Unlocking the Last Piece of the Puzzle
If this open data architecture is so compelling, why do people still use data warehouses to the extent they do? Because of one significant problem—the inability to quickly access and query data directly in data lake storage, particularly by analysts who just want to deliver insights, not complexity and code. This missing puzzle piece has reinforced the traditional approach of ETLing data into a monolithic data warehouse like Teradata and Snowflake. Until now.
Here at Dremio we’re unlocking the full potential of an open data architecture for analytics. The Dremio data lake engine creates and defines a new category of analytics query infrastructure that connects data teams with their data in a much more performant, efficient and open way than ever before.
Our data lake engine enables high-performance queries directly on data lake storage like S3 and ADLS, eliminating the need to ETL data from the data lake into a separate data warehouse. Dremio’s query acceleration capabilities also eliminate the time and expense required to create and manage cubes, extracts and aggregations tables.

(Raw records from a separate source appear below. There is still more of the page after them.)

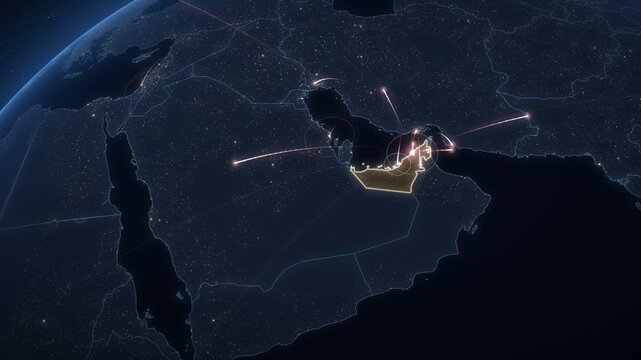 UAE global network map animation with glowing connection lines on night Earth from space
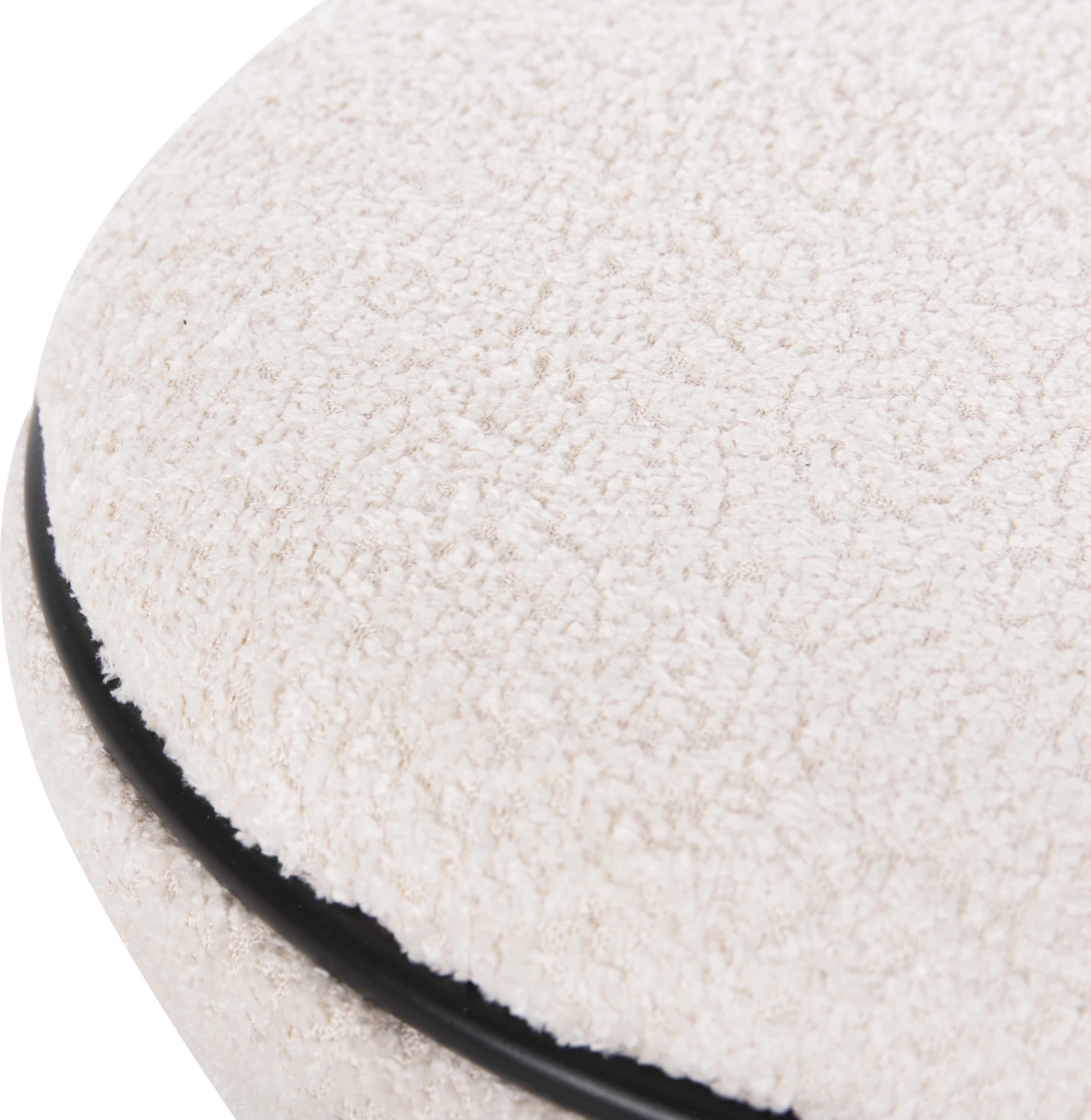 Karrige për bar, e rrumbullakët, LINNER, FH9604.06, pëlhurë boucle, ecru-detaj i zi, D38x44 cm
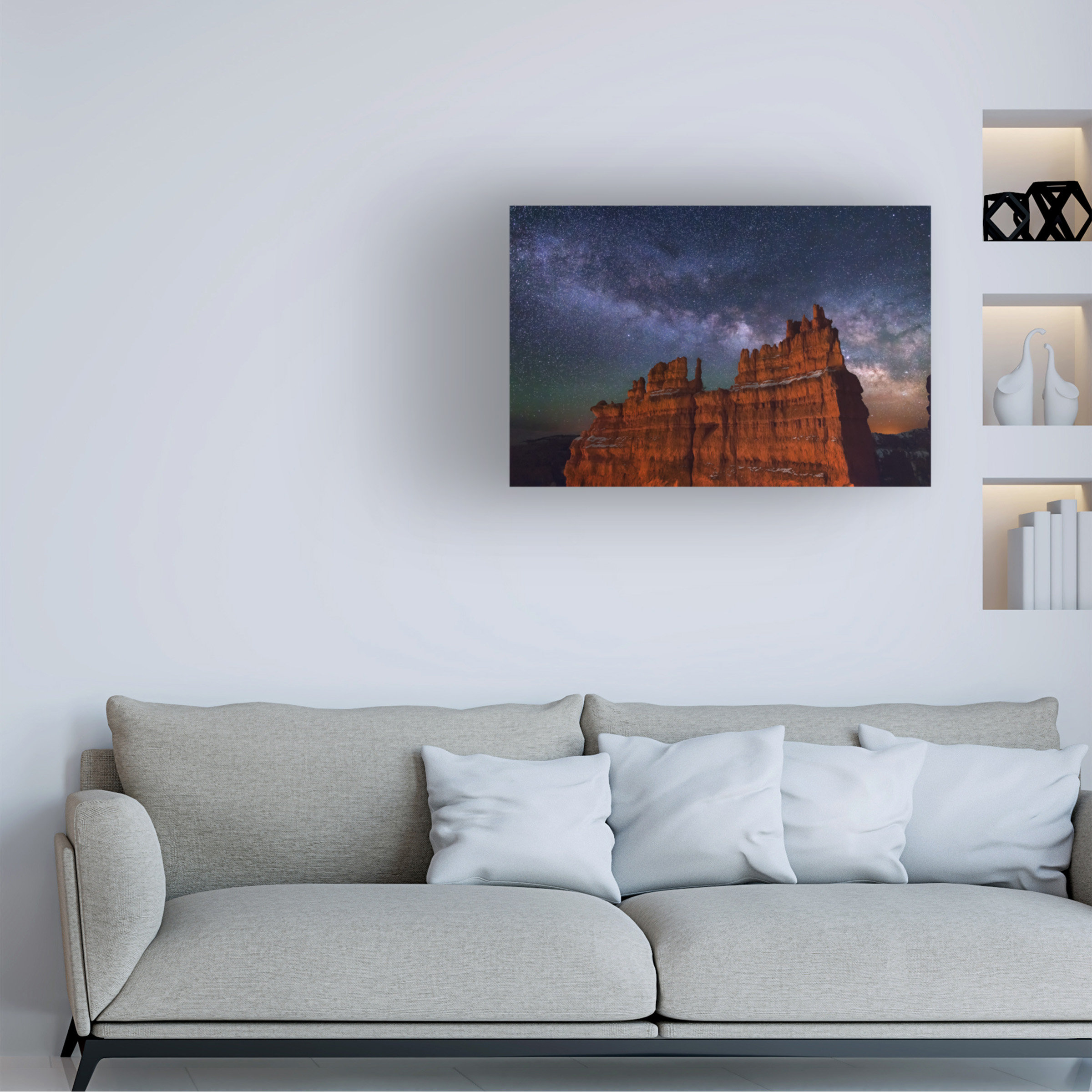 Union Rustic Wrapped Canvas Wall Art - Royce Bair 'Plateau Under Galaxy ...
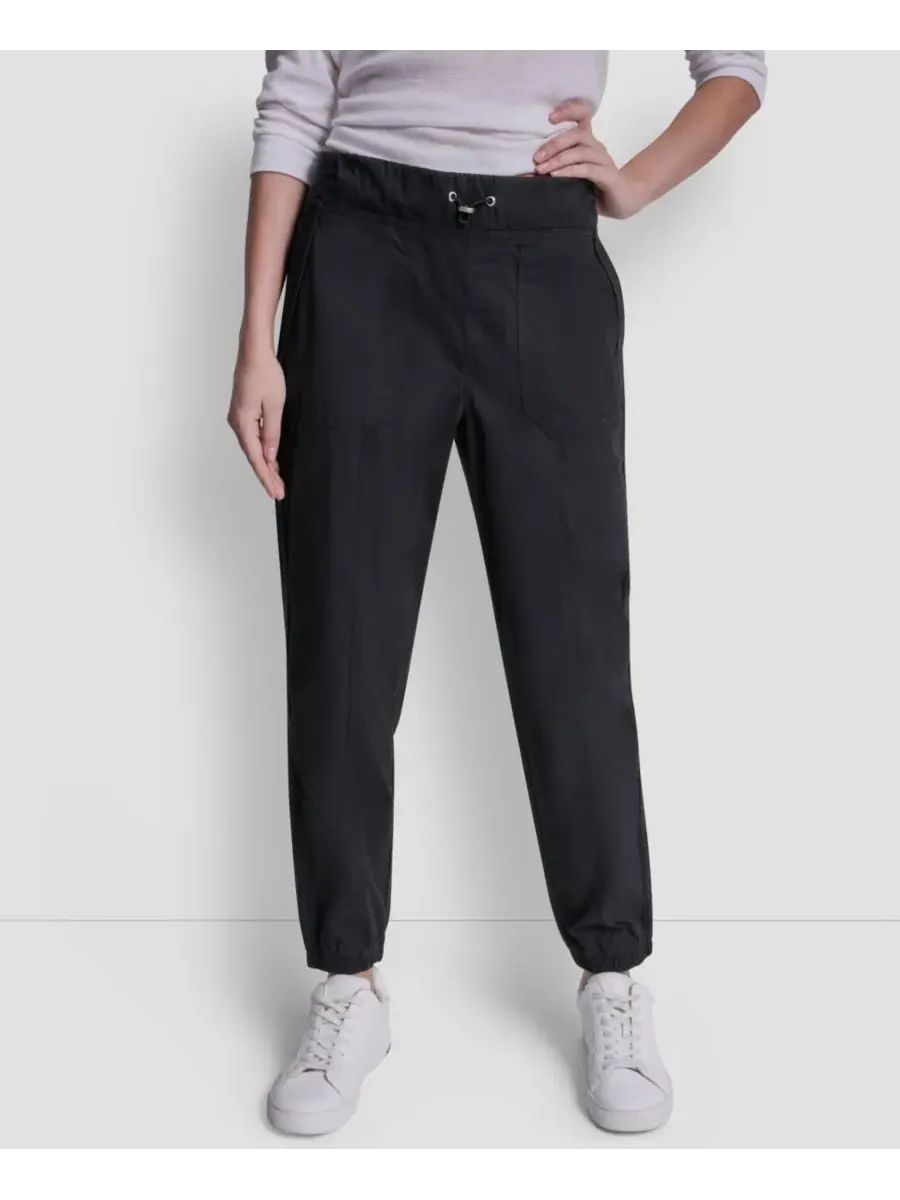 Женские спортивные брюки с высокой посадкой, эластичным поясом и швом DKNY Sport — изображение 1 из 6, черный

Dremio has eliminated the last hurdle that stands between you and an open data architecture. You now have a powerful alternative to the legacy, data warehouse-centric model for analytics.
Ensuring an Open Data Lake Future
At Dremio, we believe there are myriad advantages to this open data architecture today, and that its best days of innovation are still to come. To that end, in this paper, we’ve outlined several of Dremio’s innovations that will drive the open cloud data lake architecture into the future while avoiding vendor lock-in and data silos. Please take a look and let us know what you think. You can contact us via the Dremio community forum or at @dremio on Twitter.
The open data architecture is no longer the future, it’s here, and it’s going to get even better.